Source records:

· · · ·

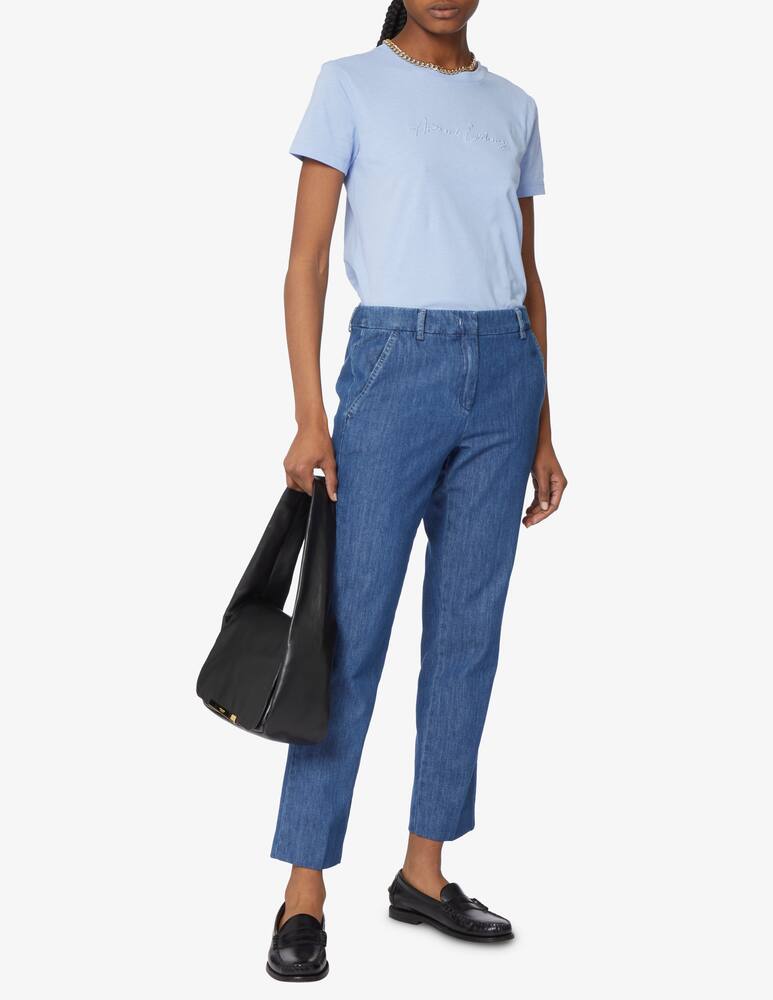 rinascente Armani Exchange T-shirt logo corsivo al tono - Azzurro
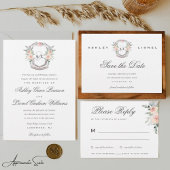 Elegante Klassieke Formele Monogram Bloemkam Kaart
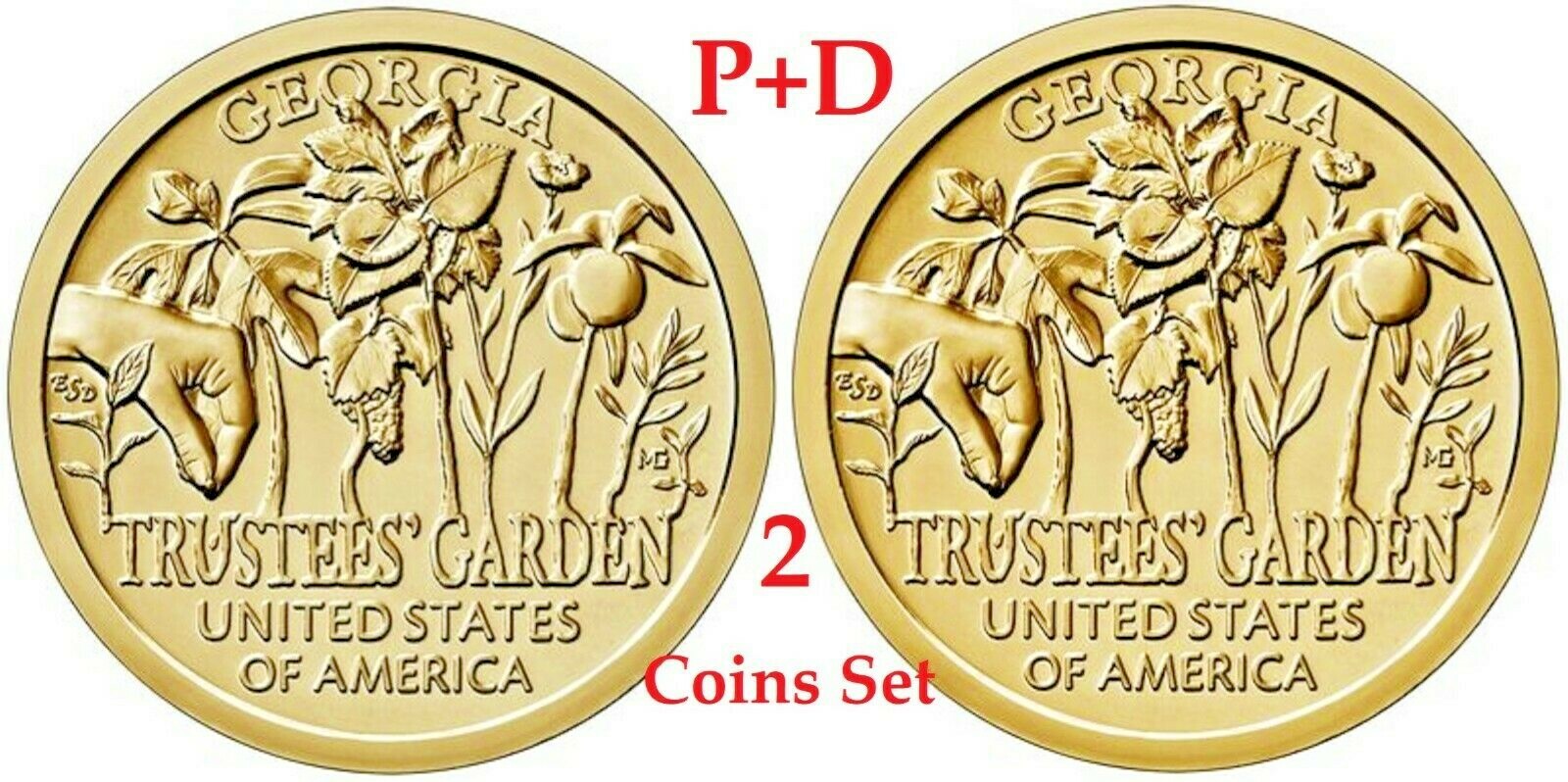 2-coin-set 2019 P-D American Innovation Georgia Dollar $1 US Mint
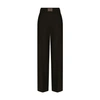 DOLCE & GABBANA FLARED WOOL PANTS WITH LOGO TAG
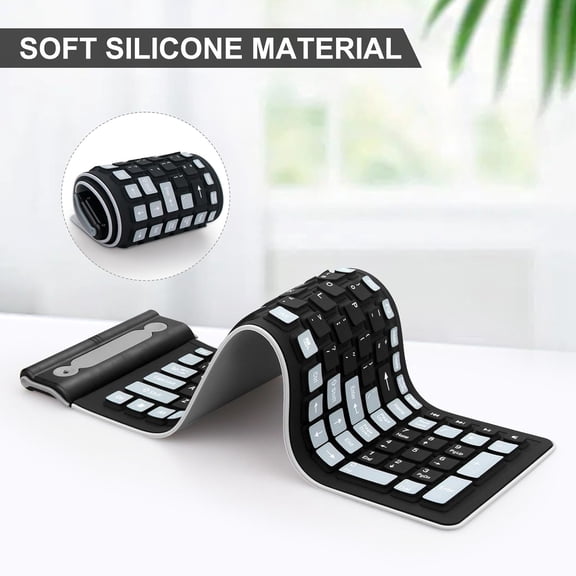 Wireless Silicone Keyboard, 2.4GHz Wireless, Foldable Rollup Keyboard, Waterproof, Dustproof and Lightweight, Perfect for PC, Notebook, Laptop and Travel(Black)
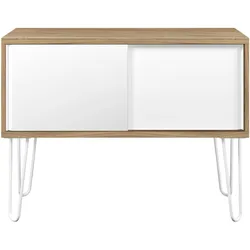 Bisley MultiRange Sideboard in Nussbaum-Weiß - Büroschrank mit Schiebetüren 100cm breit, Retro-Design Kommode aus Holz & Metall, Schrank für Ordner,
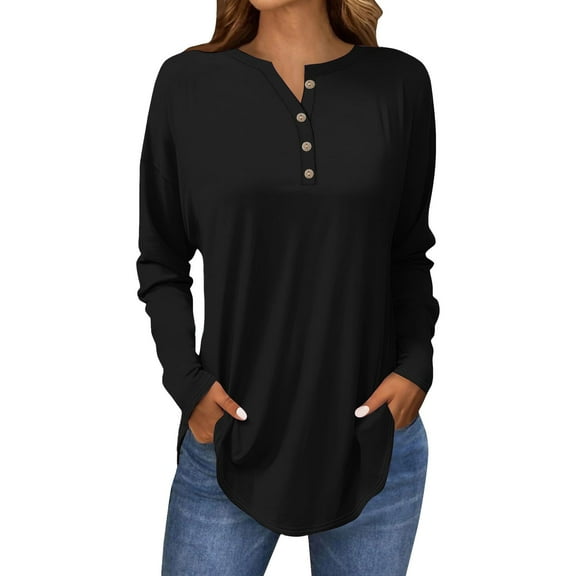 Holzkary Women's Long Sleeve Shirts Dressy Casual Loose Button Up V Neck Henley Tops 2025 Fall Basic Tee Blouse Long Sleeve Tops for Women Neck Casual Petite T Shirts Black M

· · · ·

EXERCISE DESCRIPTION: Copy out only the lines from the one containing "DOLCE & GABBANA" to the end of the entries, unchanged. Drop the pictures.

RESULT BELOW:
 DOLCE & GABBANA FLARED WOOL PANTS WITH LOGO TAG
 Wireless Silicone Keyboard, 2.4GHz Wireless, Foldable Rollup Keyboard, Waterproof, Dustproof and Lightweight, Perfect for PC, Notebook, Laptop and Travel(Black)
 Bisley MultiRange Sideboard in Nussbaum-Weiß - Büroschrank mit Schiebetüren 100cm breit, Retro-Design Kommode aus Holz & Metall, Schrank für Ordner,
 Holzkary Women's Long Sleeve Shirts Dressy Casual Loose Button Up V Neck Henley Tops 2025 Fall Basic Tee Blouse Long Sleeve Tops for Women Neck Casual Petite T Shirts Black M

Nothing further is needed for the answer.